A Bluesky bot that posts weekly updates about free museum days in Chicago, built on Val Town with SQLite storage, automated scraping, and a public API.
Vals:
├── scrapeChooseChicago (function - extracts data from Choose Chicago)
├── scraper (cron - orchestrates all scraper functions)
├── utils (function - normalizeDates, date expansion helpers)
├── db (function - loadToSQLite, query functions)
├── bot (cron - postToBluesky, runs Monday mornings)
└── api (HTTP - Hono API for data access)
SQLite Database:
├── scraped_free_days (auto-populated by scrapers)
├── free_days_overrides (manual corrections/additions)
└── Union query merges both (overrides win on conflicts)
Choose Chicago (HTML)
↓
scrapeChooseChicago() → [{name, rawDates[], url, notes}]
↓
normalizeDates() → [{institution, date, time, proof_required, notes}]
↓
loadToSQLite() → scraped_free_days table
↓
Query (union with overrides)
↓
[Branch 1] postToBluesky() → Bluesky post
[Branch 2] API endpoint → JSON response
Auto-populated by scrapers.

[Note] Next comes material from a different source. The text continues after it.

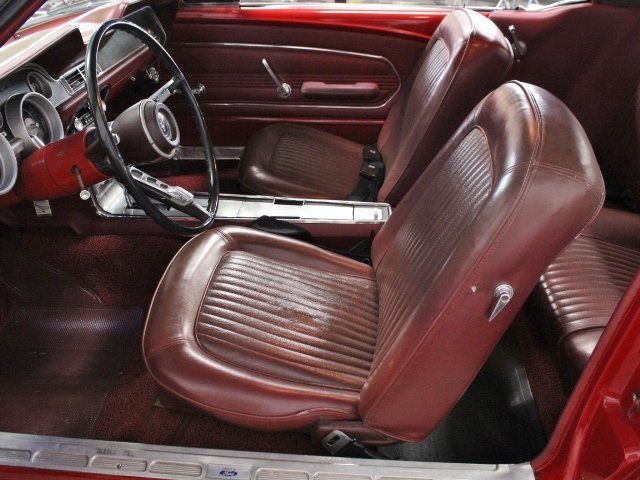1967 Red Ford Mustang Coupe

Replaced on each scraper run.
CREATE TABLE IF NOT EXISTS scraped_free_days (
id INTEGER PRIMARY KEY AUTOINCREMENT,
institution TEXT NOT NULL,
date TEXT NOT NULL, -- ISO format YYYY-MM-DD
time TEXT, -- e.g., "9am-5pm", "11am-close"
proof_required TEXT, -- e.g., "Illinois ID required", "ZIP code verification"
notes TEXT, -- Additional info (holidays, registration required, etc.)
source_url TEXT, -- Where this data was scraped from
scraped_at TEXT NOT NULL, -- ISO timestamp of scrape
UNIQUE(institution, date) -- Prevent duplicate entries
);
CREATE INDEX idx_date ON scraped_free_days(date);
CREATE INDEX idx_institution ON scraped_free_days(institution);
Manual corrections for when scrapers fail or data needs fixing.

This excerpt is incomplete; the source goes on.